1. Field of the Invention
This invention relates to medical imaging systems using nuclear magnetic resonance. In a primary application the invention relates to projection imaging of blood vessels by virtue of the moving blood within the vessels. Other applications include general projection imaging of moving materials.
2. Description of Prior Art
Nuclear magnetic resonance, abbreviated NMR, represents a new approach to medical imaging. It is completely non-invasive and does not involve ionizing radiation. In very general terms, magnetic moments are excited at specific spin frequencies which are proportional to the local magnetic field. The radio frequency signals resulting from the decay of these spins are received using pickup coils. By manipulating the magnetic fields, an array of signals are provided representing different regions of the volume. These are combined to produce a volumetric image of the density of the body.
A descriptive series of papers on NMR appeared in the June 1980 issue of the IEEE Transactions on Nuclear Science, Vol. NS-27, pp. 1220-1255. The basic concepts are described in the lead article, "Introduction to the Principles of NMR" by W. V. House, pp. 1220-1226.
A number of three-dimensional methods are described. One important one is described by P. V. Lauterbur and C. M. Lou entitled, "Zeugmatography by Reconstruction from Projections," pp. 1227-1231. In this approach, a linear field gradient is superimposed on the strong axial magnetic field. As a result of the gradient, each plane in the volume, in a direction normal to the gradient, experiences a different resonant frequency. A burst, containing a spectrum of frequencies, is used to simultaneously excite each of the planes. The received signal, following the excitation, is then Fourier transformed into its individual components. The amplitude at each frequency represents a planar integration of the proton density. This process can be repeated using a gradient field in different directions to collect information about arrays of planes. These planar integrals can be used to produce two-dimensional projection images of a volume or, alternatively, three-dimensional information about the proton density of each voxel in the volume.

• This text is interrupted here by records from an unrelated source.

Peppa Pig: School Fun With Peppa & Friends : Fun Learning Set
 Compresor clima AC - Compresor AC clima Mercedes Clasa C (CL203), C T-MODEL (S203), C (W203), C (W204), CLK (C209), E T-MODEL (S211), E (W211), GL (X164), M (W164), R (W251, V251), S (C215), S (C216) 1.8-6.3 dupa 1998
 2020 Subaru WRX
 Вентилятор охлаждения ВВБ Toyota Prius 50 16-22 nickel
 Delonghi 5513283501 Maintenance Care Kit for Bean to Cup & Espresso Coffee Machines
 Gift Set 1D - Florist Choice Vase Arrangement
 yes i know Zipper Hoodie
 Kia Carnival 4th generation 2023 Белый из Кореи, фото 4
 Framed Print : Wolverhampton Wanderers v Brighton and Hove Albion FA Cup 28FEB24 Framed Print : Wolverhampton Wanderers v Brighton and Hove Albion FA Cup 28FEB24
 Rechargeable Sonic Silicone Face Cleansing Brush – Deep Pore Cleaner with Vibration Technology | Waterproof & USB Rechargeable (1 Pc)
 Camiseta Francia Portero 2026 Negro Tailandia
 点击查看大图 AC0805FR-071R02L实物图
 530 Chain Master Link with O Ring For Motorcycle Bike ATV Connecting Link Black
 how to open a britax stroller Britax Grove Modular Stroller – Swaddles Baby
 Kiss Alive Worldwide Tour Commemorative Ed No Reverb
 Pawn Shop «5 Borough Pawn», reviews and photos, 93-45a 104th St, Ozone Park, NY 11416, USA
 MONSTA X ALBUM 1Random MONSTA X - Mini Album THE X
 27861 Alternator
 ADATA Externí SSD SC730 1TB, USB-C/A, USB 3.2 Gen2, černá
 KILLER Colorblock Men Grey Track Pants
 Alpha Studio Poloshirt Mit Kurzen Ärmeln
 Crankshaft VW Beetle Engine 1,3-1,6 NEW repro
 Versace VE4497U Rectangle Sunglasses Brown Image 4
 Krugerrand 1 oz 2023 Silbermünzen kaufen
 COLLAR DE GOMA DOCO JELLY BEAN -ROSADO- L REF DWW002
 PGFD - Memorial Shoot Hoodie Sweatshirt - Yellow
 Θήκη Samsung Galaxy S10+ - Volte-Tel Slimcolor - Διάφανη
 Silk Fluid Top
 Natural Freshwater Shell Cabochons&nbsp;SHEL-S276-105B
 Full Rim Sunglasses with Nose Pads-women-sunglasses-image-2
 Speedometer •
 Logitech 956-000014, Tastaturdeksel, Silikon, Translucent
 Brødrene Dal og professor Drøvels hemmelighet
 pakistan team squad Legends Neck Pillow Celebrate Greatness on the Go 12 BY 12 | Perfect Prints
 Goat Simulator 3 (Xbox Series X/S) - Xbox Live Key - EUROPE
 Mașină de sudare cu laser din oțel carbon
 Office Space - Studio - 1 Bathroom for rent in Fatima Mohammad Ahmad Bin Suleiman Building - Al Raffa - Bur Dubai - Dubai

The projection image is obtained by obtaining the integrated density of substantially all planes which are normal to the plane of the projection image. The total number of planes required, at all angles and positions, is substantially equal to the number of pixels in the two-dimensional projection image. The reconstruction procedure involves the classical reconstruction from projections widely used in current computerized tomography systems. The most generally used procedure is that of convolution-back projection.
The resultant two-dimensional projection images have a number of drawbacks as regards the imaging of vessels. Firstly, the superimposed intervening structures make it very difficult to visualize the vessels and diagnose stenosis or narrowing. Secondly, the nature of this imaging procedure is such that all of the measurements affect every reconstructed pixel. This makes the image particularly sensitive to motion. Any motion of the object will cause artifacts in the image due to inconsistencies where the object does not match its projections. These artifacts can often obscure the desired information.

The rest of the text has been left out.